The Shearer’s Colt

Part I - Chapter IV

Bush Hospitality

Andrew Barton ‘Banjo’ Paterson


A SQUATTER’S dinner in the backblocks is apt to cover any range from a cold mutton chop eaten in shirt-sleeves to a five-course affair eaten in dinner-jackets. Maggie, who was simply snorting with rage, and with curiosity to know why a shearer and a trap had been allowed inside, had an idea of serving them up a real shearers’ meal, fit for their station in life; but on second thoughts she decided on a dinner which should show those canaille how the quality really lived. She gave one of the stationhands a gun and some cartridges and told him to get a couple of wild duck, and she sent down to the blacks’ camp to say that she would “give it big feller nobbler” to any black who could catch her a Murray cod.

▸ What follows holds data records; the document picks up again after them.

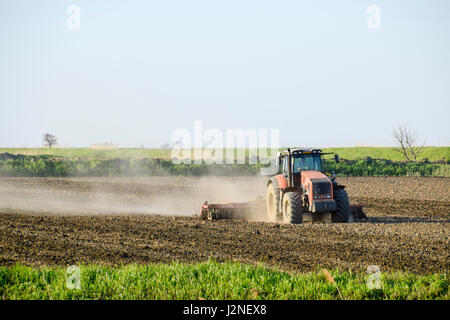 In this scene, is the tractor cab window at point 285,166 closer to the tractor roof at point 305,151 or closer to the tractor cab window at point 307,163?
the tractor cab window at point 307,163

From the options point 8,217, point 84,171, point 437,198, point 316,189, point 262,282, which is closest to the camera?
point 262,282

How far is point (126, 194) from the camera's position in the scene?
1132 inches

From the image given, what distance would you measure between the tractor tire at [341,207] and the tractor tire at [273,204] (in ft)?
6.13

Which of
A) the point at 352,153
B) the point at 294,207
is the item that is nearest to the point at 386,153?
the point at 352,153

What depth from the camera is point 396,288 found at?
24.7 ft

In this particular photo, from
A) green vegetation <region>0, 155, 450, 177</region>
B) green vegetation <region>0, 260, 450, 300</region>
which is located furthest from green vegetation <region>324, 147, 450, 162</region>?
green vegetation <region>0, 260, 450, 300</region>

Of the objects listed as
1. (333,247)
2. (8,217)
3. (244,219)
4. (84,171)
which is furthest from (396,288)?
(84,171)

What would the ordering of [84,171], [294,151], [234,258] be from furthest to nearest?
[84,171] < [294,151] < [234,258]

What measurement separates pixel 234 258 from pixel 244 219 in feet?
25.2

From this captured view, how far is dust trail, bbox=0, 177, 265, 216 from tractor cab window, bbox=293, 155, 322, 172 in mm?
6033

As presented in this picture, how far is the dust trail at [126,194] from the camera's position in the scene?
883 inches

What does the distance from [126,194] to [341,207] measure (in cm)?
1565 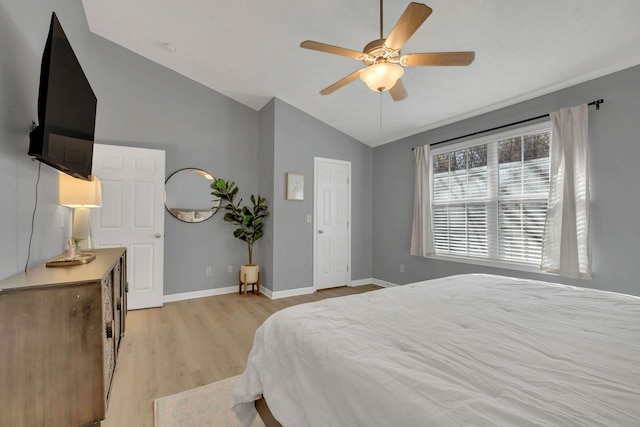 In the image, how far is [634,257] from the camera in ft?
7.69

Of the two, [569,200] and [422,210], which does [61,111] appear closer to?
[422,210]

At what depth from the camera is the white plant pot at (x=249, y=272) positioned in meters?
3.97

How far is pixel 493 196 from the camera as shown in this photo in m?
3.30

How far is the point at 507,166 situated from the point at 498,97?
76cm

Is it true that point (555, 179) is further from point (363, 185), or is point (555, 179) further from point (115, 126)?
point (115, 126)

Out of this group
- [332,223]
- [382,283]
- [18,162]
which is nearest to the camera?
[18,162]

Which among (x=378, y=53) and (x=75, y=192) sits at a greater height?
(x=378, y=53)

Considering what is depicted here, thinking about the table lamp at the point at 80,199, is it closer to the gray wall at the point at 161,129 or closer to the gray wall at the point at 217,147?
the gray wall at the point at 161,129

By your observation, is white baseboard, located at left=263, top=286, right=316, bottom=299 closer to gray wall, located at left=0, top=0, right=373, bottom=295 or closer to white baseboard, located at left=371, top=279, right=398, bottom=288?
gray wall, located at left=0, top=0, right=373, bottom=295

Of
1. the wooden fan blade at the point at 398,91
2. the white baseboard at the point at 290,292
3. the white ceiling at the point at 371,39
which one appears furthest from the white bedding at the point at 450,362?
the white baseboard at the point at 290,292

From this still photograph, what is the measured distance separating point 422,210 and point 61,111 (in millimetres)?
3744

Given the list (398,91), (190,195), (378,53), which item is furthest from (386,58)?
(190,195)

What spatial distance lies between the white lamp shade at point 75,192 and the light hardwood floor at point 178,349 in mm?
1277

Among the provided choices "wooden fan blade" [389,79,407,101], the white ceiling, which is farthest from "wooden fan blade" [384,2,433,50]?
the white ceiling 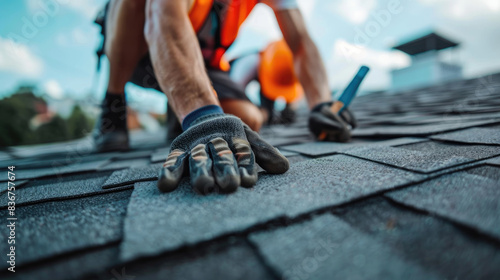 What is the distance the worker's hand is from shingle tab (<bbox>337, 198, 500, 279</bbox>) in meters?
0.24

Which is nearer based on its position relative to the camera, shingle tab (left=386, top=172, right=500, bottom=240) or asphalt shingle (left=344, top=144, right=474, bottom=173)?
shingle tab (left=386, top=172, right=500, bottom=240)

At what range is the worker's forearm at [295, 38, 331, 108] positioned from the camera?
1440 mm

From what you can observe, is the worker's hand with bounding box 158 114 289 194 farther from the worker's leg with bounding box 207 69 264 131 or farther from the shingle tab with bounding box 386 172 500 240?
the worker's leg with bounding box 207 69 264 131

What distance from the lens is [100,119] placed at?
188 cm

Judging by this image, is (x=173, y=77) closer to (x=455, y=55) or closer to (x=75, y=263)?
(x=75, y=263)

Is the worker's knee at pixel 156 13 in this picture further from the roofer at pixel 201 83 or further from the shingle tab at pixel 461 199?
the shingle tab at pixel 461 199

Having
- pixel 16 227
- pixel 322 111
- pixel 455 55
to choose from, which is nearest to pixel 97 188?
pixel 16 227

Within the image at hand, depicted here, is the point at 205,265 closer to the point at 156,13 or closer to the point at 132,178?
the point at 132,178

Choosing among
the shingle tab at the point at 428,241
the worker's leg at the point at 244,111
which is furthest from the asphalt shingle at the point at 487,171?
the worker's leg at the point at 244,111

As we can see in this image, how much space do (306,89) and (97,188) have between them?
1214 millimetres

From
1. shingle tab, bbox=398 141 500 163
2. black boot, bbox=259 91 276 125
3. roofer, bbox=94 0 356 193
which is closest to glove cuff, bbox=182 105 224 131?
roofer, bbox=94 0 356 193

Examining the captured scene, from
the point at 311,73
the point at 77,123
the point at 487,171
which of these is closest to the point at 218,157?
the point at 487,171

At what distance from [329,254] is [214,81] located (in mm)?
1736

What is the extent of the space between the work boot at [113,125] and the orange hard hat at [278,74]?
1.44 metres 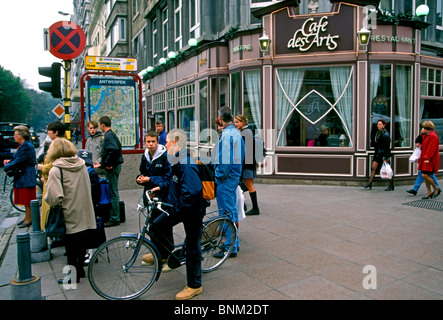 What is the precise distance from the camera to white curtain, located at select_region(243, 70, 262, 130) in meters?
11.9

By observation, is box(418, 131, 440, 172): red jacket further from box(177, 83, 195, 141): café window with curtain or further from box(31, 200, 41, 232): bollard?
box(177, 83, 195, 141): café window with curtain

Both items for the menu came to hand, and Maggie set to work to prepare her dinner. Only a thoroughly aroused woman could have done it in the time at her disposal. She brought in a dinner consisting of Murray cod with (tinned) oyster sauce, a stew of black duck and a roast fowl with onion sauce. A water-bag dripping coolness on the veranda contained a bottle of claret, three bottles of whisky and a squat little flask of cherry brandy. The boss’s enormously valuable old Irish silver was strewn about the room in any place where there was room for it, and gold and silver racing trophies glittered on mantelpiece and sideboard. It was an ideal setting for a horse deal. Who could haggle about a few pounds in the midst of such magnificence!

The two guests dressed for dinner by the simple process of washing their faces and hands at a tap. When they came into the dining-room Maggie was pleased to see that the ex-shearer was staggered by the magnificence of his surroundings. The young policeman, however, was quite cool, and actually seemed to know something about old silver: a knowledge gained, as Maggie suspected, by his association with burglary cases.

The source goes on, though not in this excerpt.